We arrived at our hotel in Konya around 7.30pm that evening and dinner was provided by the hotel, which was just fine as we were all quite tired.  In the morning we visited the Mevlana Museum – the former lodge of the Whirling Dervishes known for their spinning dance dressed in long white flowing skirts.  Next door was a beautiful Ottoman Mosque with an amazing collection of old Korans, some smaller than the size of a match box.  Of course there were all other sizes dating back to the 6th century, and all beautifully scripted and decorated.

We then travelled across the vast plains of inland Turkey for several hours, and the countryside was virtually treeless and extremely flat.  The land was heavily farmed however there were no fences to be seen, and the odd flock of sheep were under the watchful eye of the shepherd and his dog.  The only workers in the fields appeared to be groups of women, and everything done by hand – almost quite medieval. 

Our first experience in Cappadocia was to visit the Uchisar Castle.  This was atop a large hill and access was through the interior of the hill which had been carved out.  

Talk about cold – we even had snow flakes falling around us.  The view from the top across the valley was very impressive, and gave us our first sight of the cave dwellings which we soon learned were prevalent throughout the area, with communities of thousands living in some locations.

Our accommodation for the next three nights was in the Star Cave Hotel in Goreme.  It was something quite different and our room had literally been carved out of the rock.  

Fortunately there was good heating as it was bitterly cold, but in the morning found this did not apply to the hot water in the shower – last thing you need is a cold shower!  After a few G&T’s and wine with some of our fellow travellers we headed to a local Pide Restaurant – sort of a Turkish version of a pizza, but not too bad. 

The area is renown for hot air ballooning around Cappadocia at dawn, and a few of our group were up early in the morning to experience it, and said it was truely amazing.  From the hotel you could see dozens of balloons drifting across, and hear their burners firing up – quite surreal.  After a wonderful breakfast we set off and went to see the Pasabagi Fairy Chimneys (look like large phalluses) – really amazing!

We then stopped at the Goreme Open Air Museum which has the region’s best collection of painted cave-churches.  Medieval orthodox Christian monks (1000-1200 AD) carved the caves from the soft volcanic stone and decorated them with elaborate Byzantine frescoes.  

Lunch was at this incredible cave restaurant which had been carved out of a hillside.  You walked along a long passage into the most amazing domed area surrounded by alcoves, and the whole complex was beautifully finished.  We had the best kebab cooked in a pottery jug and served with rice.
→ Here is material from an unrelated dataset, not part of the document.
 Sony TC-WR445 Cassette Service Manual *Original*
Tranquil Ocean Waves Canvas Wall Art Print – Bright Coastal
During lunch we were entertaining by someone playing a traditional Egyptian harp.

After lunch it was another open air museum at Zelve – Cappadocia’s oldest residential area with hundreds of cave dwellings and several monasteries and churches all decorated with frescoes.  
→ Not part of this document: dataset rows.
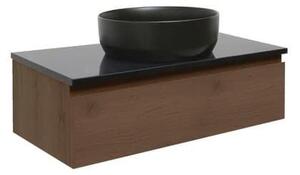 Koupelnová skříňka s technickým kamenem SAT B-Way 99x30x45 cm ořech mat BWAY100NUTTK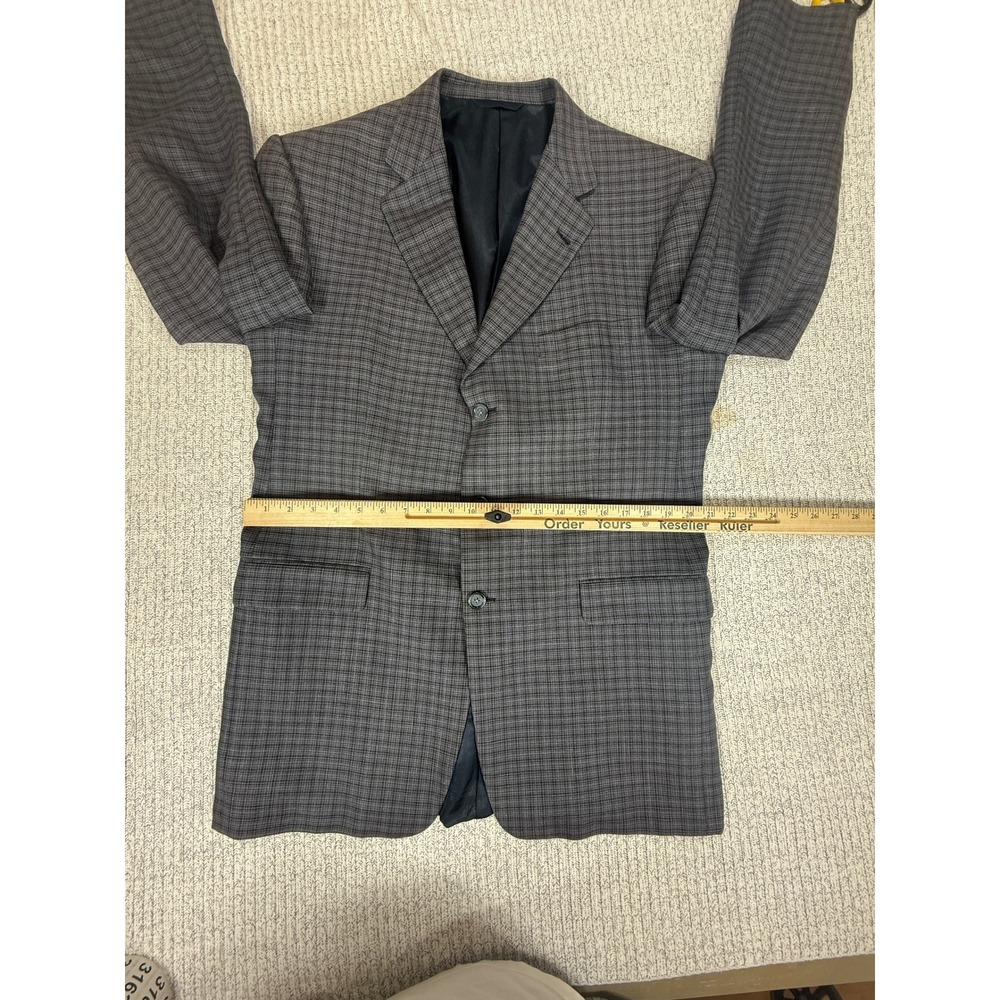 Burberry London Kensington 44L Blue Grey Plaid Linen Wool Linen 3 Button Blazer - Picture 12 of 15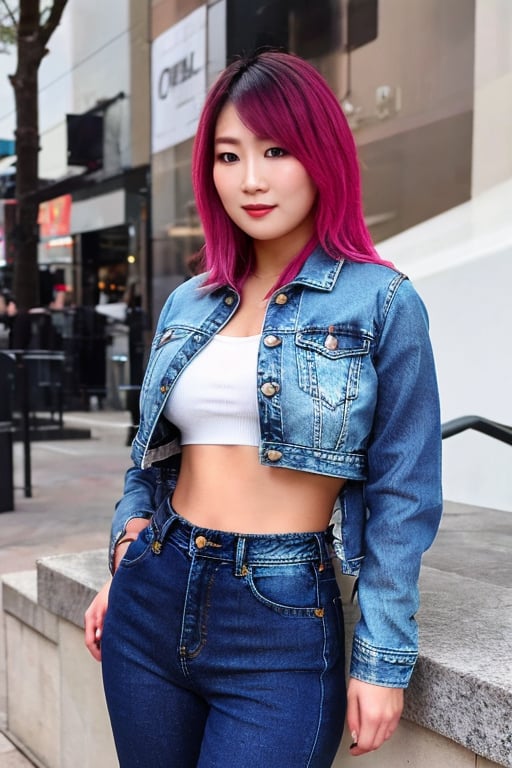 Asuka, hot denim pants, cropped denim jacket into her waist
After a few more stops and more of those ‘phallusus’ – these with huge mushroom tops, we went back to our cave for a much earned rest before dinner.  Dinner was a Turkish night – typical Turkish food starting with a large selection of mezes, then meat kebabs etc., and unlimited drinks which went down well with our fellow yachties.  The evening’s entertainment commenced with a short performance by a group of Whirling Dervishes, and then several folk dances by the girls and some quite aggressive dances by the boys.  

The highlight was a belly dancer who put on a very enjoyable show, and thankfully picked on one of the other members of our group to dance with her.  

Somewhere along the way we managed to score a bottle of raki (Turkish anise flavoured spirit) which proved a very good nightcap on the return to our hotel.

Our last day in Cappadocia started with a trip to the underground city at Derinkuyu, and what an experience.  This underground city is the deepest of Cappadocia and extends 12 levels into the earth. Levels are connected by tunnels and steep staircases winding up to pass through a maze of rooms, kitchen, stables, shops, churches, cemeteries and storage, large enough to hold month long supply of grain.  Large stone disks could be rolled into place to block the passages in the case of an attack. You sure would not want to be claustrophobic, as some of the tunnels were just wide and low enough to virtually crawl through, almost on hands and knees.  They believe these underground cities date back more than 3000 years. 

We then headed up to the Soganli Valley for (you guessed it) more Fairy Chimneys and Cave Churches.  Some of the paths and steps were certainly not for the faint hearted, but worth the effort.  

From the end of the valley for around 30mins we walked along a small trail half way up the hillside to see some more rock churches – literally off the beaten track and very interesting, and ended up at a small restaurant for lunch.  The food was excellent and everything home made, including the butter, cheese, pickles etc.  During our drive back we stopped to view the Valley of Imagination, where some of the sandstone formations resembled animals and the like – you did have to have a good imagination most of the time.  Dinner was at a small local restaurant and being Muslim did not serve alcohol, but Borhan our guide managed to get them to smuggle in some of the local Efes beer and serve it in Coca Cola glasses – all good fun.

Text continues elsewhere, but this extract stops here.